I appreciate your situation sounds more demanding than mine and you may find it harder to think of yourself more and will undoubtedly be concerned about your daughter and partners much needed care and support. I spoke to the family support team in adult social services, I reached out to them regarding my teenagers when I first got my incurable diagnosis and just knowing what's in place and they are there to help, put me at ease, along with Dove House Hospice and the local palliative nurse (sorry cant recall what they properly called), all helped settle my panic about later down the line.
There is a lot of support out there, and lovely professional people who have a wealth of experience to put you at ease and help you make plans, so you can put that aside and focus on you.
I so often think about refusing treatment but like you end up realising I have to stay alive for as long as I can for my children, I feel desperate to see my teenagers into adulthood, so they might possibly be okay. I'm at peace with going, I'm not at peace with leaving my children without a mum when they are so young, and it breaks my heart to imagine their grief. So I hold on to that to help me find the strength to carry on, as naturally at times it is all too much.
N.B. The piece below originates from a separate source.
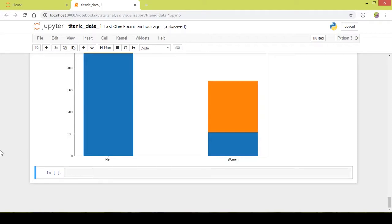Hello and welcome back to the tutorial series on data analysis using pandas, matplotlib, seaborn and numpy. This is Part 4 of the tutorial series where we explore the Titanic dataset.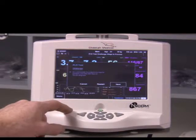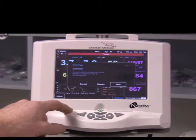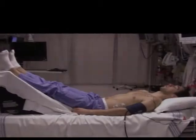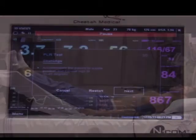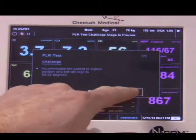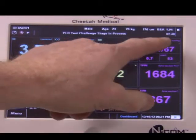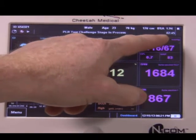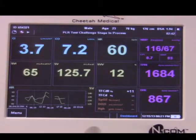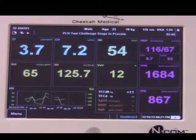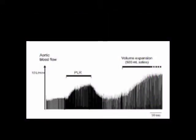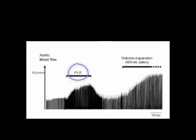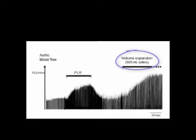It now says: accommodate the patient to supine position and elevate the legs to 30 to 45 degrees. Once the patient is positioned with the head down and the legs up, we press Next. In the top right corner, a countdown for the test commences, indicating that we have about 2 minutes and 45 seconds remaining. The passive leg raise maneuver is equivalent to the reversible administration of about 1 unit of blood. This diagram illustrates the change in aortic blood flow over time with the passive leg raise maneuver and the administration of 500 mL of saline.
I say it all the time, but I will keep saying it - Be kind and loving to yourself, always!
Hi Angela
It is quite normal to adjust the dose of chemotherapy so the patient finds it is more tolerable and has a better quality of life. I would let your team know the issues you are having with the current regime. A small dose reduction 10-20% can make a massive difference in the quality of life but very little difference in clinical outcomes.
X
Hi Angela, you have found an important coping mechanism - writing down your thoughts and worries and sharing them if you want to.
Time is also an important factor, you will find acceptance which, for me at least, is not the same as resignation. After a gruelling chemo and RT regimen I never thought I was going to take an active part in life again (6 months ago). Now I cut the grass and do most things a 66 year old can reasonably be expected to do. Don't give up, you will be surprised what is possible after a certain adjustment time. And think of you first. Others will be grateful.